▸ **Work instruction**: From the records below, please repeat exactly the line that has "Adora Bangle styled", the line that has "Danksagung Hans Müller 27/08/2022", and every line between them, and nothing else.

_ _ _ _ _ _ _

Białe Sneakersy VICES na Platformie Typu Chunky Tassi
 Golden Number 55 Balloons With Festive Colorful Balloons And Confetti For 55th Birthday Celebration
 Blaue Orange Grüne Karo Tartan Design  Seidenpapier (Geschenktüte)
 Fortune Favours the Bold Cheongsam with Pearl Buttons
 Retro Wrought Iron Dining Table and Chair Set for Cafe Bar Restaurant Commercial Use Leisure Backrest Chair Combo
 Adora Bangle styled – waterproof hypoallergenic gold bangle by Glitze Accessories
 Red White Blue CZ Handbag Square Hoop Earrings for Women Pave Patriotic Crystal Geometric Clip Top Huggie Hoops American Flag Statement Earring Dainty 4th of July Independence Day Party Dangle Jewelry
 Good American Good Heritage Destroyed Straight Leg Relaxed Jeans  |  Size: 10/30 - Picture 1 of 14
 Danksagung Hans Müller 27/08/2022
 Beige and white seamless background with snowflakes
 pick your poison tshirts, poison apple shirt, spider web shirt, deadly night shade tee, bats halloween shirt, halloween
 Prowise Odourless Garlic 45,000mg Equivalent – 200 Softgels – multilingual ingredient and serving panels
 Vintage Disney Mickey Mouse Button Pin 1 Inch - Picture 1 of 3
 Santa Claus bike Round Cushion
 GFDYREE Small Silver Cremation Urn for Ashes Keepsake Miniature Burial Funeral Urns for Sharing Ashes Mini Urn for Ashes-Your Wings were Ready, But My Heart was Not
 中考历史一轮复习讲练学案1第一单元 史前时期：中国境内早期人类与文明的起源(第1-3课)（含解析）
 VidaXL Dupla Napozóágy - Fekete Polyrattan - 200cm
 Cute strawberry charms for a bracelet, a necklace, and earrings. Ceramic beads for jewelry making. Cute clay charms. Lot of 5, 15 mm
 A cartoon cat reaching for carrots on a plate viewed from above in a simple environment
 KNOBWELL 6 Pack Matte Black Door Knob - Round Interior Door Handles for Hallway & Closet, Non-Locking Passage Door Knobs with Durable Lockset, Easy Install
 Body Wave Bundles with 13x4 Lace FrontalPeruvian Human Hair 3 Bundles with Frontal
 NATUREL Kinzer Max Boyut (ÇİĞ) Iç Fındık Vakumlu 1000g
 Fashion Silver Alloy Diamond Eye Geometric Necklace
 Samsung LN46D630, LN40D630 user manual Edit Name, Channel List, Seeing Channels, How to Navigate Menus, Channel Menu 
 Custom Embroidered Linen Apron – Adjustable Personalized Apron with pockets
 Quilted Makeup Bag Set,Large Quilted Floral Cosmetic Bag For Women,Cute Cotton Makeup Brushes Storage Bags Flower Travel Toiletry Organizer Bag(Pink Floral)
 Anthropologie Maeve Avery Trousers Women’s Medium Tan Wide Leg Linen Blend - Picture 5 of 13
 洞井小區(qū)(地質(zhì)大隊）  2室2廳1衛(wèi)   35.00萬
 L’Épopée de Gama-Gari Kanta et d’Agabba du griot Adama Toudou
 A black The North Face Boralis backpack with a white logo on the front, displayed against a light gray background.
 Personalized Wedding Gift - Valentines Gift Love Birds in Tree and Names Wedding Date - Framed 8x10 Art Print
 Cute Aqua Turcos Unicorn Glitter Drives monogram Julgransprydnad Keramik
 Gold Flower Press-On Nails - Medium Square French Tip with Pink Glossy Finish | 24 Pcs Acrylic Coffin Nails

_ _ _ _ _ _ _

▸ **Output of the exercise**:
 Adora Bangle styled – waterproof hypoallergenic gold bangle by Glitze Accessories
 Red White Blue CZ Handbag Square Hoop Earrings for Women Pave Patriotic Crystal Geometric Clip Top Huggie Hoops American Flag Statement Earring Dainty 4th of July Independence Day Party Dangle Jewelry
 Good American Good Heritage Destroyed Straight Leg Relaxed Jeans  |  Size: 10/30 - Picture 1 of 14
 Danksagung Hans Müller 27/08/2022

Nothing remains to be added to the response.